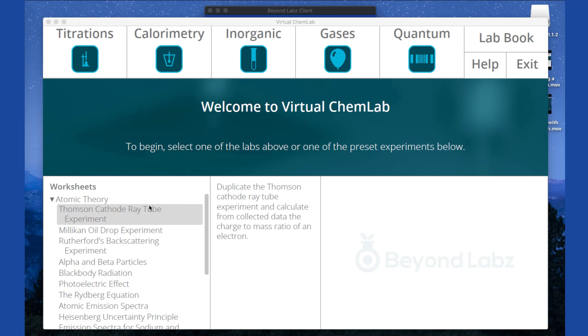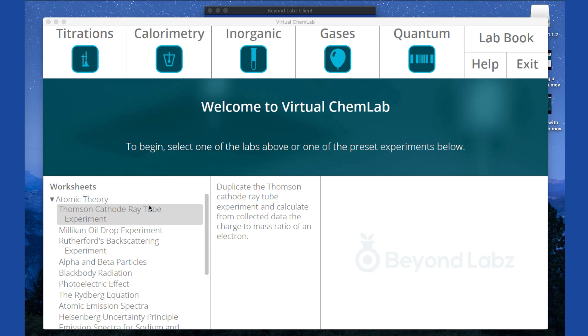Each of these worksheet links corresponds to a specific worksheet that we have of the same title. By clicking on one of these links, for example the Thompson cathode ray tube experiment, it will take the user into one of the five lab benches indicated above. But rather than having nothing set up, it will have the correct tools and instruments and reagents set up on the lab bench for the student to begin that specific experiment.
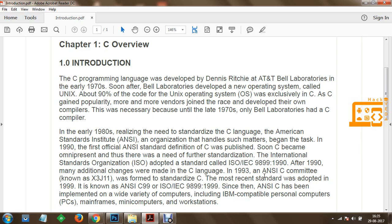In the early 1980s, realizing the need to standardize the C language, the American National Standards Institute, an organization that handles such matters, began the task. In 1990, the first official ANSI standard definition of C was published. Soon, C became omnipresent, and thus there was a need for further standardization.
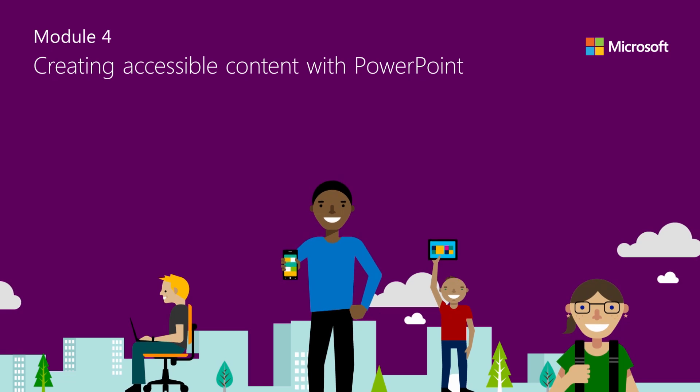PowerPoint is the go-to resource for many teachers for both teacher and student presentations. However, students with visual impairments, colorblindness, or dyslexia often struggle with navigating and using slide decks. I'm going to show you some strategies that will help you and your students create content that is accessible for all users.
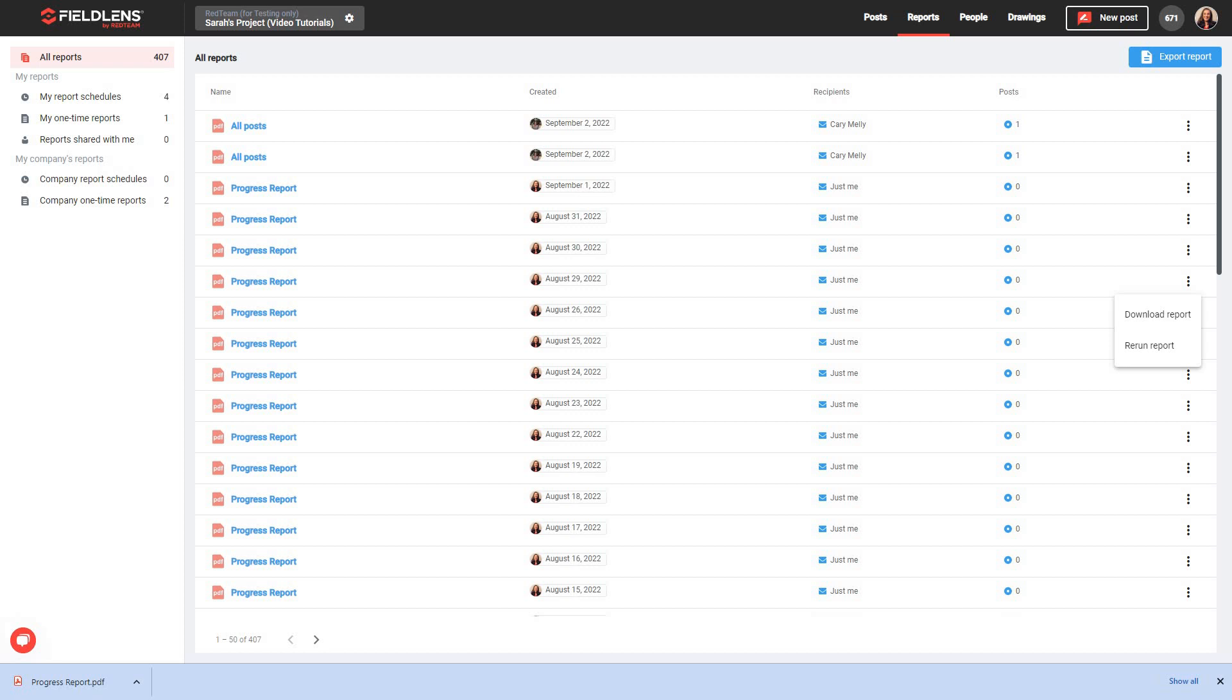And with that, we have now explored all of the functionalities for FieldLens project reporting. Today, you've learned how to create, export, schedule, and download reports within a project. Should you wish to learn how to create or view reports on the FieldLens mobile application, please be sure to view our FieldLens mobile app training video. Thank you all so much for joining me today, and thank you for choosing FieldLens.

════

▸ **What this task involves**: Output the listing above exactly, but leave its pictures behind.

▸ **Result for this task**:
Each of these worksheet links corresponds to a specific worksheet that we have of the same title. By clicking on one of these links, for example the Thompson cathode ray tube experiment, it will take the user into one of the five lab benches indicated above. But rather than having nothing set up, it will have the correct tools and instruments and reagents set up on the lab bench for the student to begin that specific experiment.
In the early 1980s, realizing the need to standardize the C language, the American National Standards Institute, an organization that handles such matters, began the task. In 1990, the first official ANSI standard definition of C was published. Soon, C became omnipresent, and thus there was a need for further standardization.
PowerPoint is the go-to resource for many teachers for both teacher and student presentations. However, students with visual impairments, colorblindness, or dyslexia often struggle with navigating and using slide decks. I'm going to show you some strategies that will help you and your students create content that is accessible for all users.
And with that, we have now explored all of the functionalities for FieldLens project reporting. Today, you've learned how to create, export, schedule, and download reports within a project. Should you wish to learn how to create or view reports on the FieldLens mobile application, please be sure to view our FieldLens mobile app training video. Thank you all so much for joining me today, and thank you for choosing FieldLens.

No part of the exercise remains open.